• [WORK REQUEST]:
Repeat exactly the lines that begin at the one containing "Stylowa Sukienka Maxi" and end at the final line of the records; include no pictures and nothing else.

[Captioned web image data]

##########

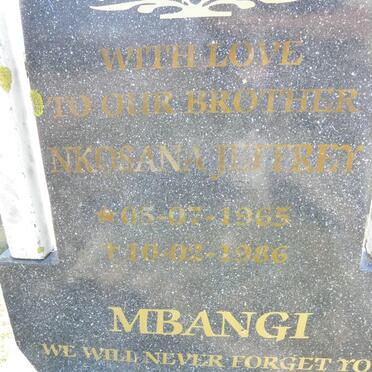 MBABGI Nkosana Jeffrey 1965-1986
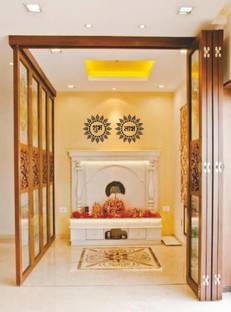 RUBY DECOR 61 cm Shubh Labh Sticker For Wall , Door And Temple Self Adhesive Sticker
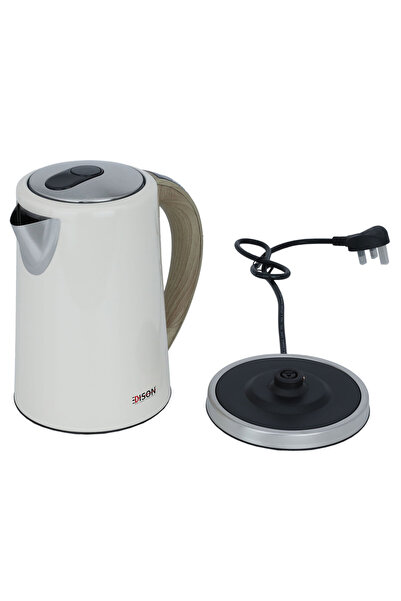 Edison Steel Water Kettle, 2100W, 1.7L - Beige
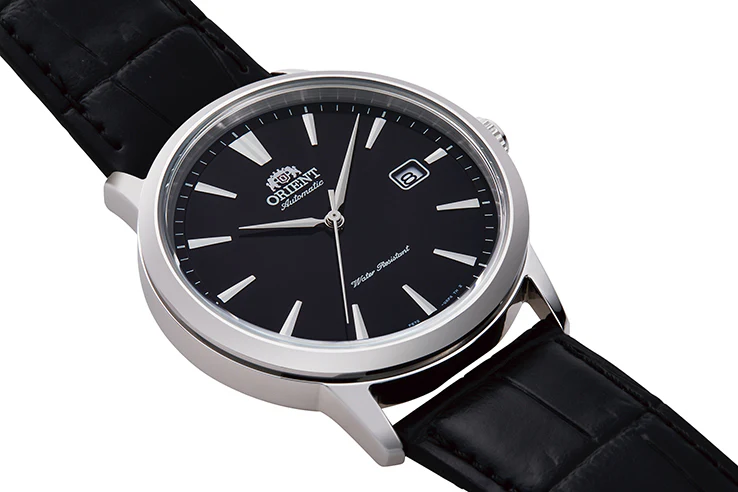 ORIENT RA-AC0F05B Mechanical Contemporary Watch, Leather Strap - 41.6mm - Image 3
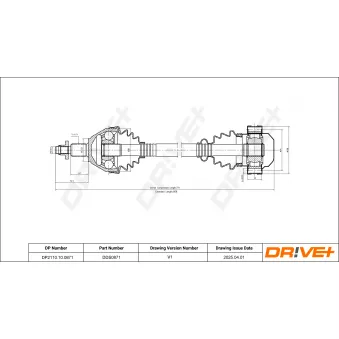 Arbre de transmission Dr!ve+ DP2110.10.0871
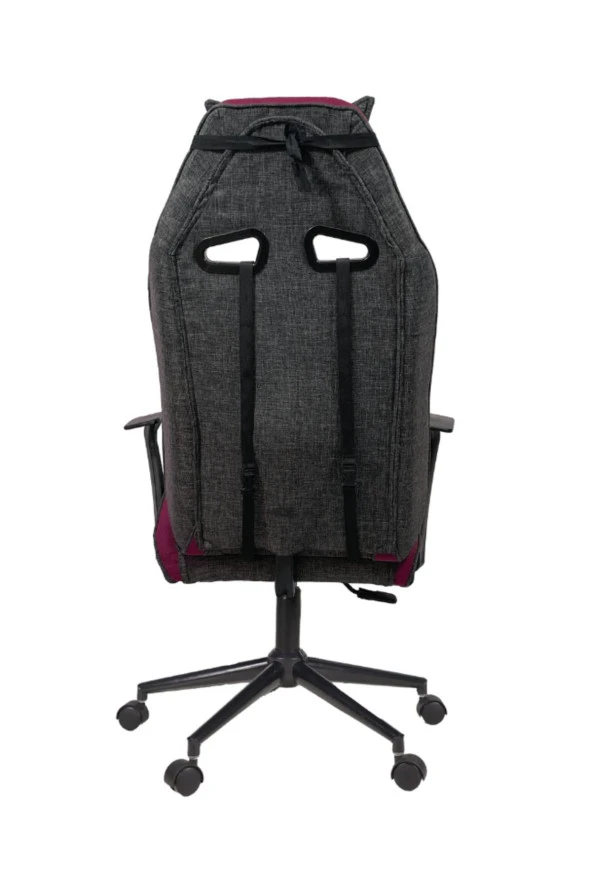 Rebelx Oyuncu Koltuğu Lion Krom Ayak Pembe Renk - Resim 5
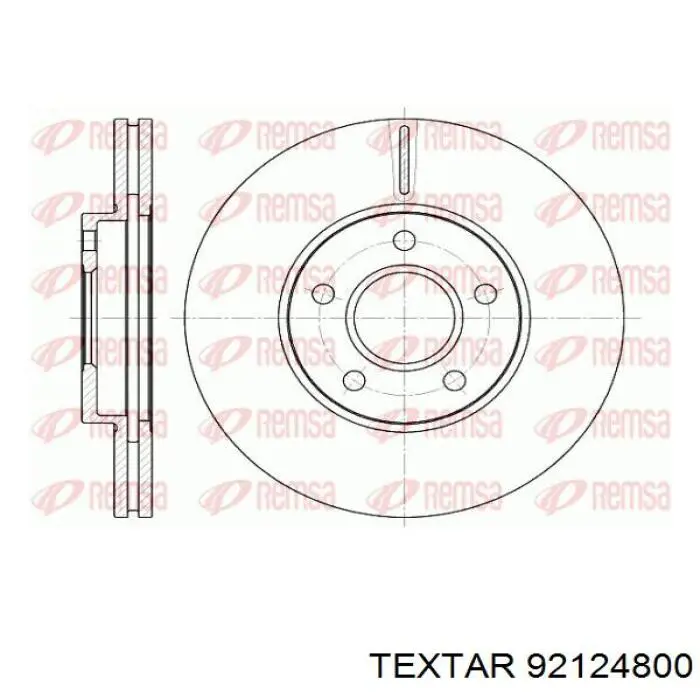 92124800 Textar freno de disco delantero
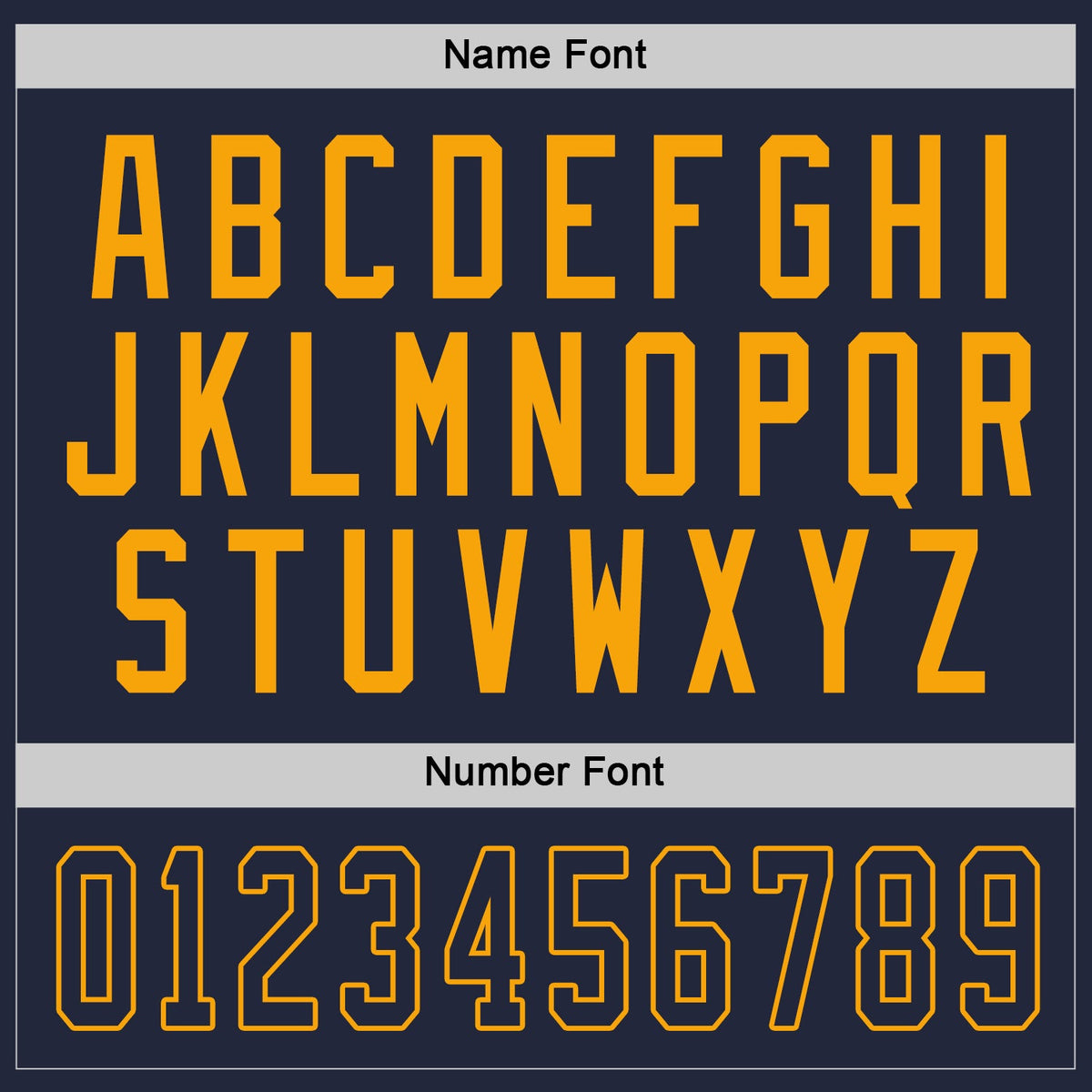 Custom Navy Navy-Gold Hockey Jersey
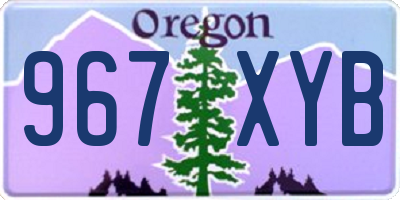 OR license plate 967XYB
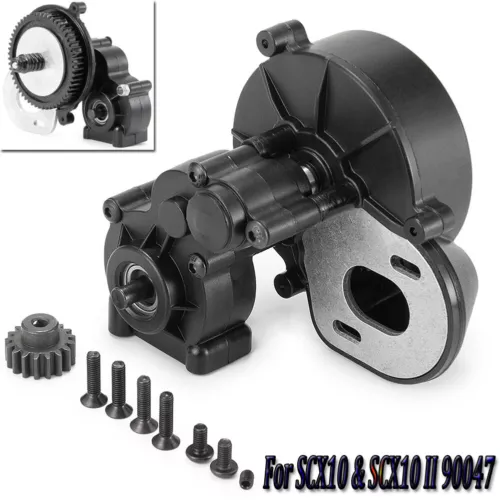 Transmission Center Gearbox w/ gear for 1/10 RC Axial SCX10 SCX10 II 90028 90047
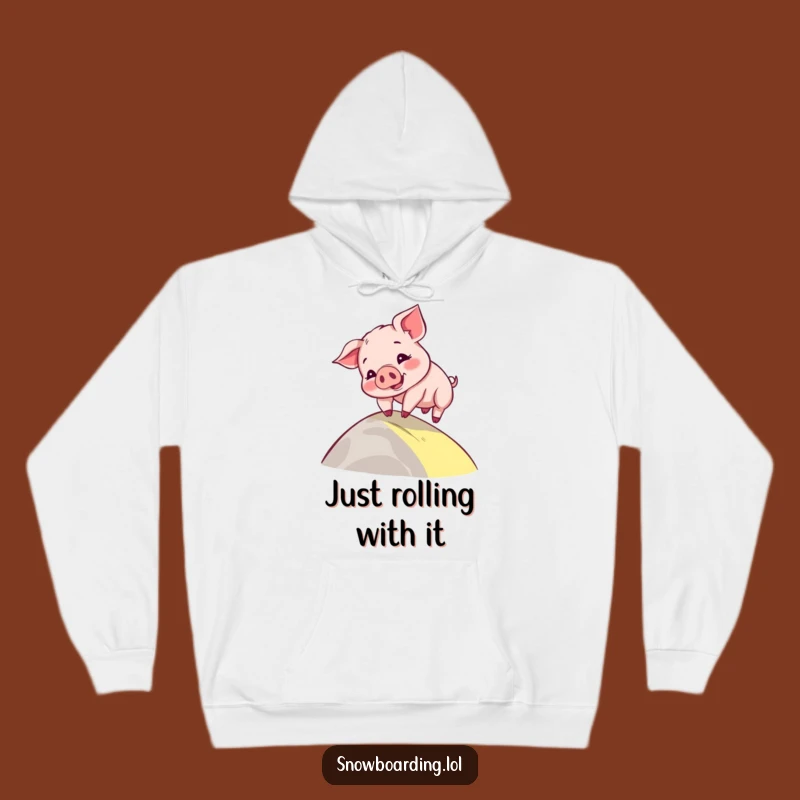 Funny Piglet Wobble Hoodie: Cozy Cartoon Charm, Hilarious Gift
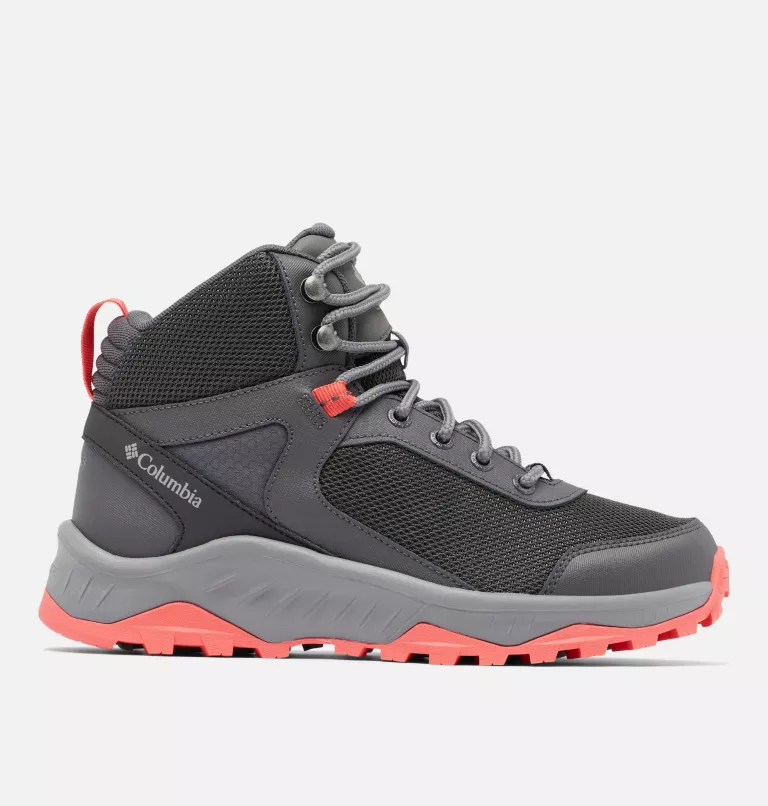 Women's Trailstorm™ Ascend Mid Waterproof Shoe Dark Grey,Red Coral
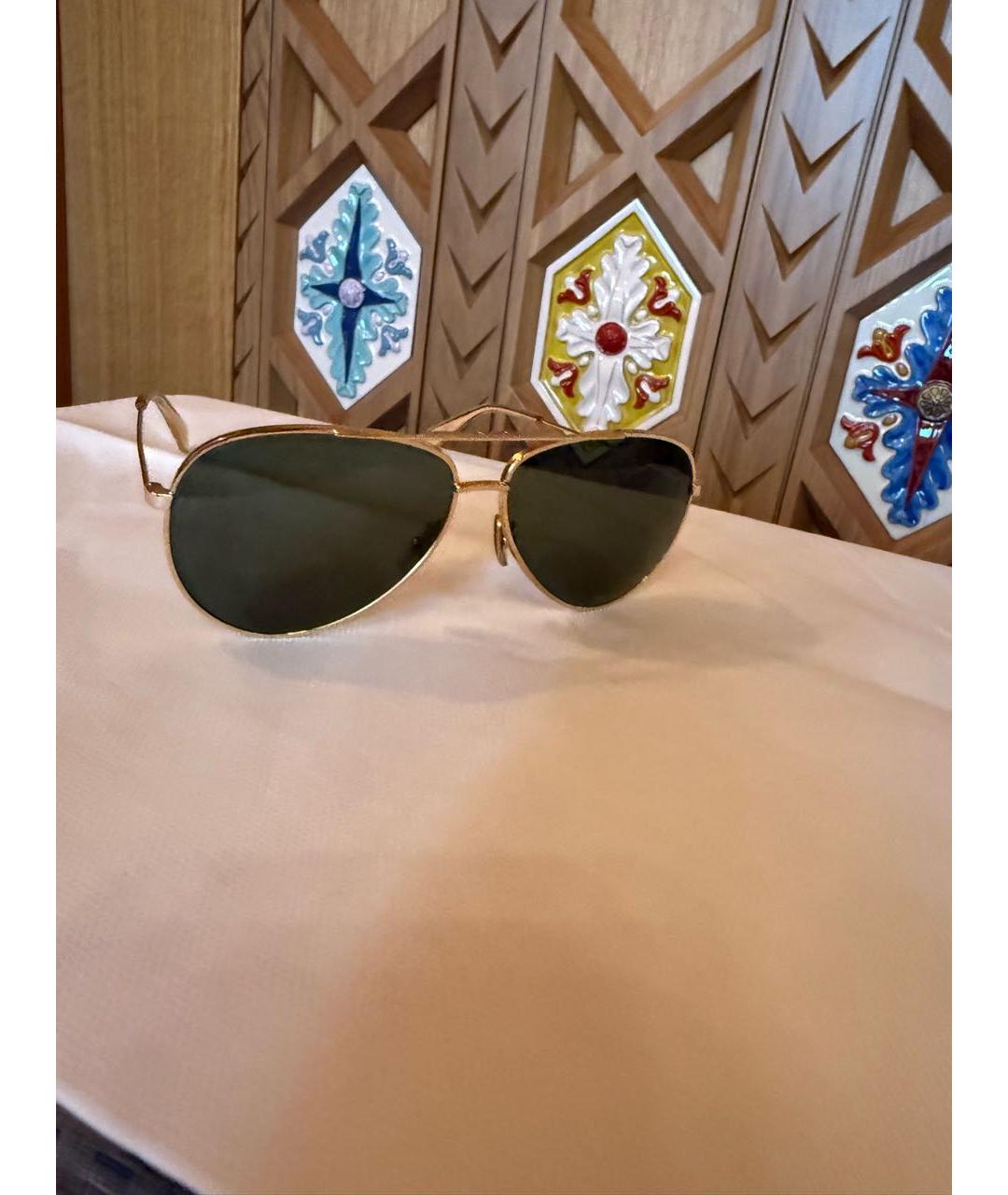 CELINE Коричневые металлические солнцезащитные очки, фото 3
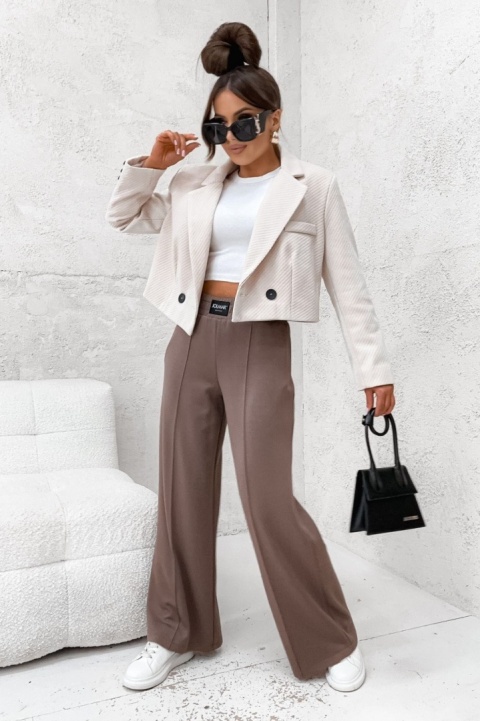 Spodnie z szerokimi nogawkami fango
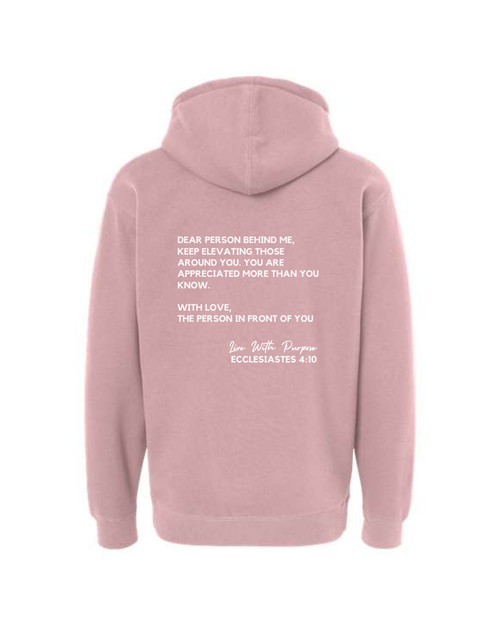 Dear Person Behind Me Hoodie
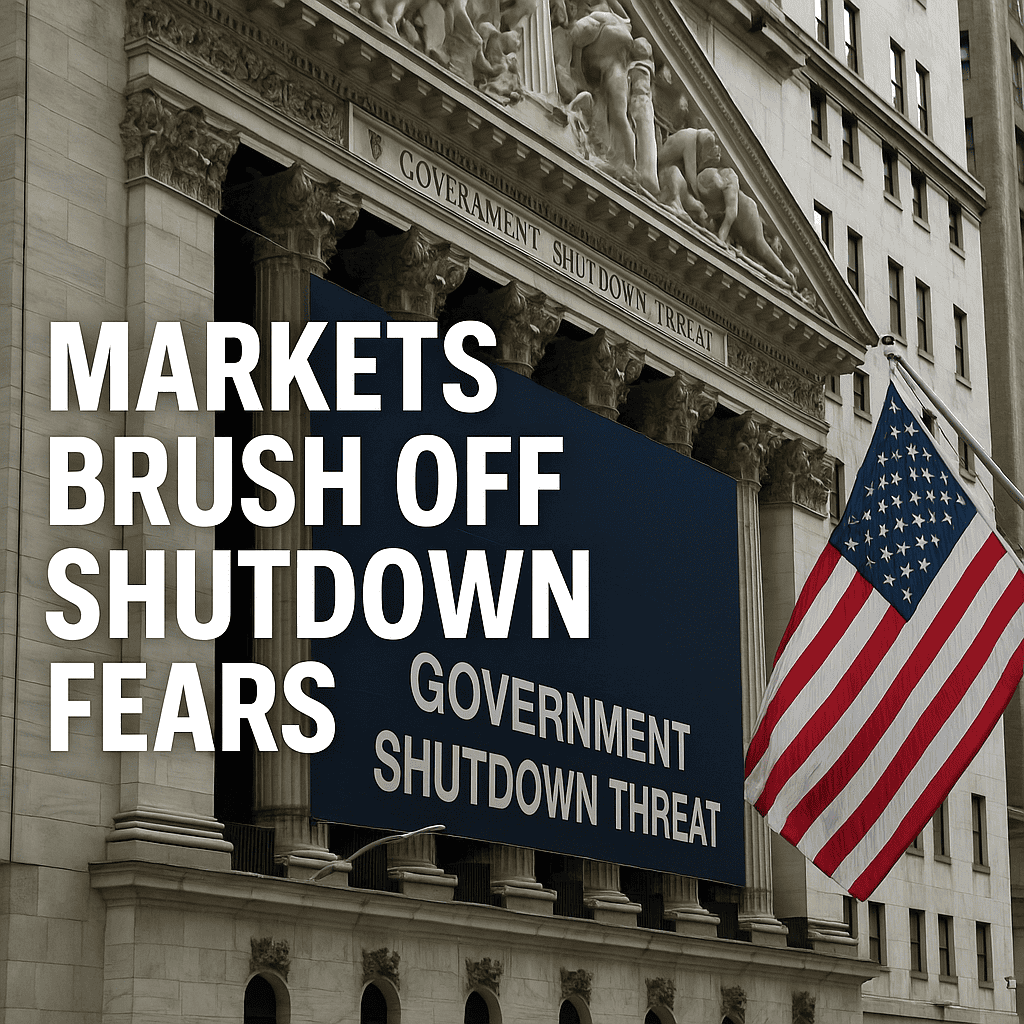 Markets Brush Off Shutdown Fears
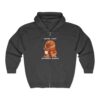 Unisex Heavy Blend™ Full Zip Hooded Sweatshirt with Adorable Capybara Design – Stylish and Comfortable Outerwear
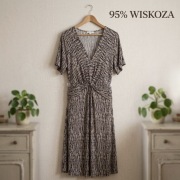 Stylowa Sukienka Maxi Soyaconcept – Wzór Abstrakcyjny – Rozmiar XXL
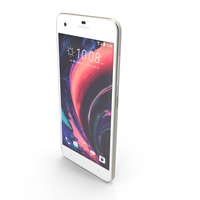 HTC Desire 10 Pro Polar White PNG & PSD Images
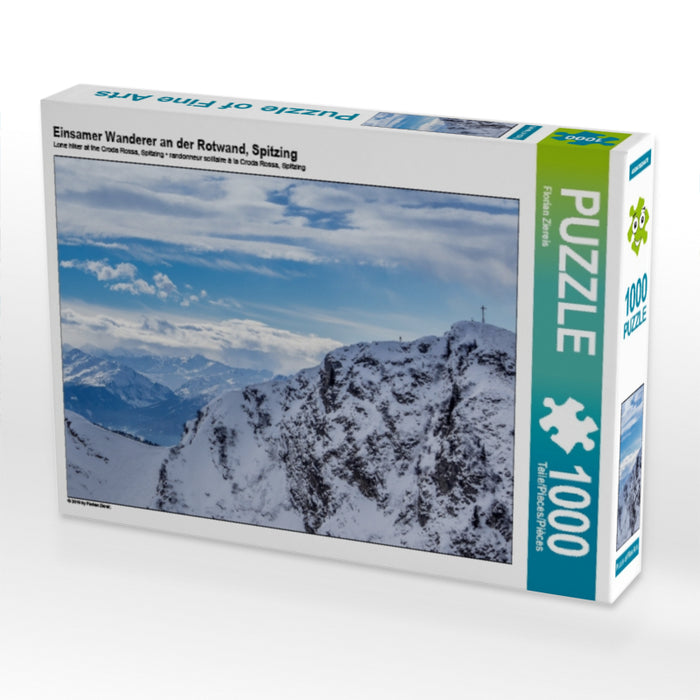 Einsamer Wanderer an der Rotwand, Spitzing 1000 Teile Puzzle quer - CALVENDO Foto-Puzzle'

##########

• [OUTPUT OF THE TASK]:
 Stylowa Sukienka Maxi Soyaconcept – Wzór Abstrakcyjny – Rozmiar XXL
 HTC Desire 10 Pro Polar White PNG & PSD Images
 Einsamer Wanderer an der Rotwand, Spitzing 1000 Teile Puzzle quer - CALVENDO Foto-Puzzle'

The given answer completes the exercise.